Tope Awotona is a Nigerian–American tech entrepreneur known for founding the software company, Calendly. As of 2025, Forbes estimates his net worth at $1.4 Billion making him one of the richest Black Billionaires.

== Early life and education ==
Awotona was born in Lagos, Nigeria. His father was a microbiologist and entrepreneur; his mother worked at the local bank. When Awotona was 12 years old, his father was killed in a carjacking, convincing his mother, with Awotona and his three brothers, to later leave Lagos, migrate to the US, and reside in the Atlanta, Georgia, area. Although he graduated from high school two years early and was provided a scholarship to a US college at 15 years old, his mother decided he was too young and required Awotona to first attend Wheeler High School for its junior and senior years. Awotona said, "It was super frustrating. I felt like I was wasting time because I had my plan in place." Nevertheless, the two years helped him to assimilate and learn the culture while he planned to continue his father's legacy of entrepreneurship. He attended the University of Georgia, initially majoring in Computer Science, he later changed to Business Management Information Systems and graduated from Georgia's Terry College of Business with a Bachelor of Business Administration degree in 2002. His ethnicity is Yoruba.

== Career ==
Following graduation from the University of Georgia, Awotona held different corporate jobs, including working for IBM, before joining a startup company, Perceptive Software, as an accountant executive. There he was exposed to the functions of a software business. While trying to schedule a meeting, Awotona became frustrated and decided to use his life savings and go into debt to create a communication and scheduling software company that became Calendly. Launched from Atlanta Tech Village, Calendly made its debut in 2013. Calendly became a $3 billion software firm that continues to provide solutions for business communications, team scheduling, and preparation follow-ups. As of 2024, the Calendly app has 10 million users, according to Forbes making Awotona one of the wealthiest immigrants in America.

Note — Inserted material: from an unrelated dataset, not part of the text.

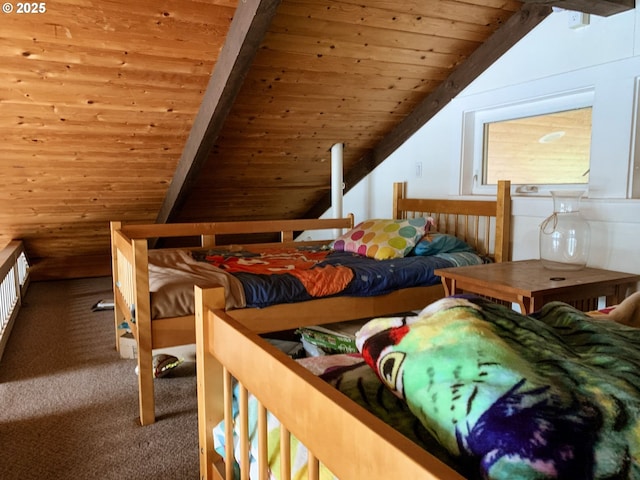 carpeted bedroom featuring vaulted ceiling with beams and wood ceiling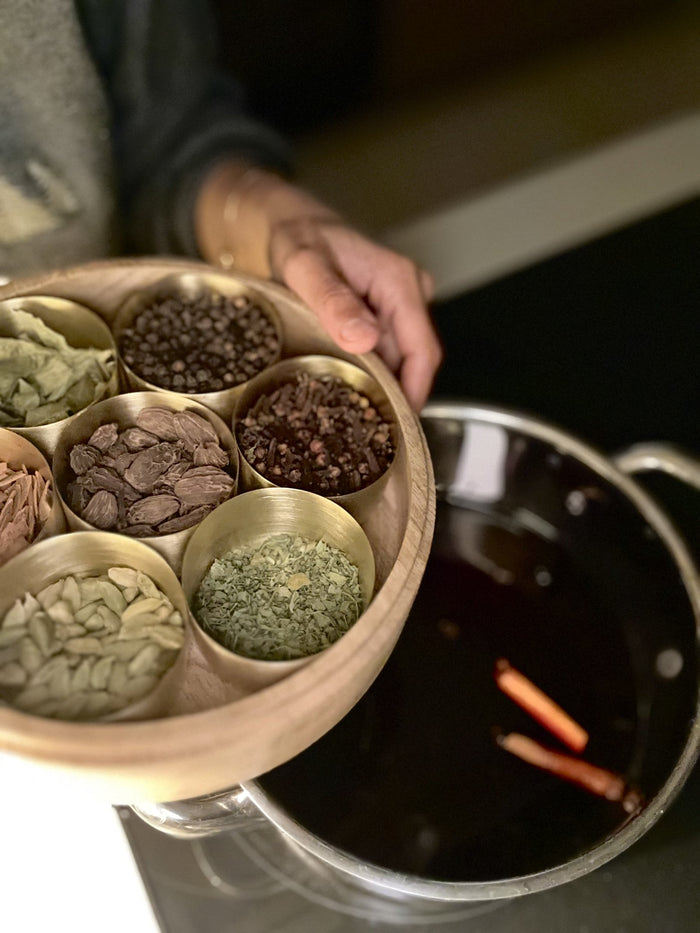 Brass spice box of whole spices held over a pot of mulled wine with cinnamon sticks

On 4 March 2025, Awotona was announced as the sole inductee into the Technology Association of Georgia's 2024 Technology Hall of Fame. The association recognized his contributions to the technology industry, including his role in building successful technology companies, creating jobs, fostering innovation, and supporting economic growth in Georgia.

On 4 July 2025, Awotona was named a recipient of the Carnegie Corporation of New York's Great Immigrants Award, recognizing him as a naturalized U.S. citizen who has made significant contributions to American society, democracy, and culture.